Со времени заключения Кайнарджийского договора в Европе распространилась всеобщая молва о намерении Екатерины овладеть Константинополем и на развалинах Оттоманской Порты восстановить Греческую империю. Молва эта была не без основания. Мысль об изгнании турок в Азию долгое время занимала все кабинеты; с середины XV до конца XVII века Европа смотрела на них как на чуждых пришельцев, как на врагов христианства и образования и неоднократно собиралась предпринять крестовый поход. Последним героем религиозной борьбы с оттоманами был славный Ян Собеский. В первой половине XVIII века беспрерывные войны на западе и востоке, на севере и юге отвлекли общее внимание от Турции, дав иное направление европейской политике. Россия развила огромные силы и привела в трепет соседей. Громимые русским оружием, они обыкновенно искали защиты у Порты: к ней прибегнул Карл XII после Полтавской битвы; к ней обращался и Фридрих II, пораженный на полях Кунерсдорфа; чрез нее думал освободить Польшу от нашего влияния герцог Шуазель. Европейские кабинеты стали смотреть на Турцию как на оплот против распространения русского могущества, и венский двор, испуганный победами Румянцева, едва не объявил нам войны, чтобы спасти Порту. Опасения его на этот раз были напрасны: занятая делами Польши, озабоченная внутренними неустройствами, Екатерина, среди самых блестящих успехов своего оружия в Молдавии, за Дунаем, на водах Архипелага, желала мира и, не думая о завоевании Константинополя, хотела только избавить свою империю от соседства турок и обеспечить торговлю своего народа на морях Черном и Средиземном.

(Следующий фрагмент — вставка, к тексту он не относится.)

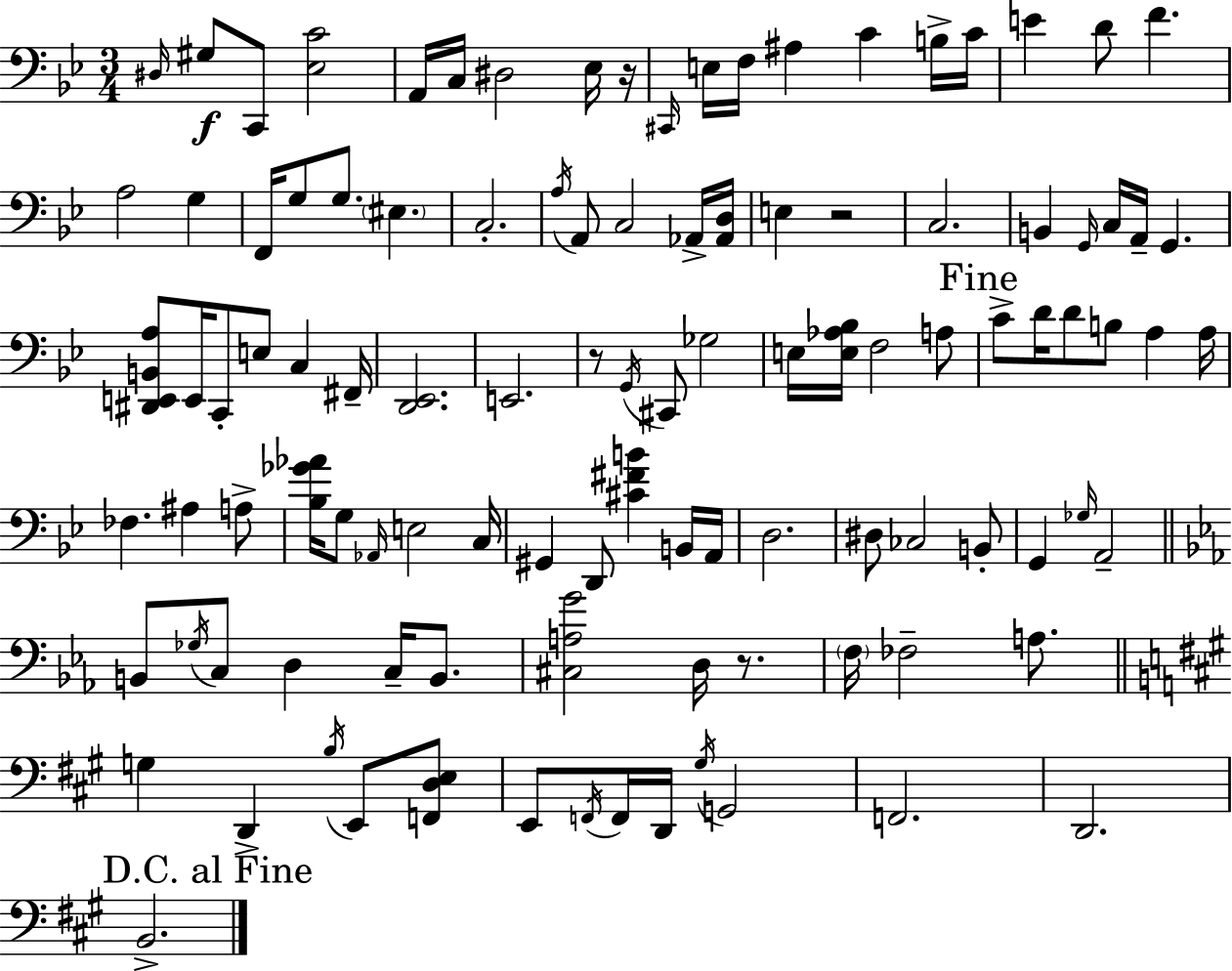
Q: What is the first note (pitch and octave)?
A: D#3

Но вслед за окончанием Турецкой войны действительно родилась в уме ее мысль о возможности восстановить Греческую империю на развалинах Оттоманской Порты. Эта мысль занимала ее лет 15 и была, кажется, следствием Кайнарджийского договора. Исполнив главное желание двора, освободив татар от власти турок, открыв русским кораблям свободный путь из Черного моря в Архипелаг, Румянцев в то же время принудил Диван признать право России покровительствовать единоверным ей многочисленным народам греческим и славянским, в особенности обитателям Молдавии и Валахии. Кайнарджийский договор поставил Турцию относительно России почти в то самое положение, в какое привел Польшу московский трактат 1686 года. История диссидентов могла повториться в летописях оттоманских. Екатерина не оставила без внимания столь благоприятного обстоятельства. Граф Никита Иванович Панин старался отклонить ее от предприятия отважного, грозившего вовлечь империю в борьбу со многими европейскими державами, но дальновидный и осторожный министр встретил сильного соперника в любимце счастья, пламенно желавшем изгнать турок из Европы.

Незадолго до окончания турецкой войны при дворе Екатерины стал возвышаться молодой, до того едва заметный царедворец, вскоре заслонивший собой всех вельмож, не исключая ни Паниных, ни Орловых, ни Румянцева. То был князь Григорий Александрович Потемкин-Таврический. Сын небогатого смоленского дворянина, в юности он готовил себя к духовному званию, учился в Московском университете и приобрел обширные сведения в богословии. Честолюбие увлекло его на другое поприще: он вступил в военную службу, успел обратить на себя внимание Екатерины при самом восшествии ее на престол, был в то время вахмистром конногвардейского полка, сблизился с Орловыми и получил звание камергера, впрочем до самого начала Турецкой войны оставался незаметным. Между тем честолюбие снедало его: горя желанием выйти из толпы, он испросил дозволения отправиться в армию под знаменами Румянцева, с блестящим мужеством действовал при Ларге, при Кагуле, за Дунаем, приобрел особенное расположение фельдмаршала и возвратился ко двору с чином генерал-поручика, с Георгиевским крестом на шее. Но столь быстрое возвышение только воспламенило его честолюбие: он хотел ближе всех вельмож стать к трону, удалить князя Орлова, взять перевес над Паниным, над Румянцевым и, действуя с искусством, быстро достиг своей цели. Императрица удостоила его такого доверия, каким еще никто не пользовался при дворе ее, осыпала его всеми возможными для подданного почестями, наградила несметными богатствами и целые 15 лет ни одного важного дела не предпринимала без совета с Потемкиным. Екатерина уважала в нем ум необыкновенно светлый, дальновидный, быстро обнимавший предметы со всех сторон, душу гордую, бесстрашную, вместе с тем незлобную, пылкое воображение, беспрестанно творившее новые планы, предприимчивость, не знавшую никаких преград, и беспредельное усердие к славе императрицы, к величию империи.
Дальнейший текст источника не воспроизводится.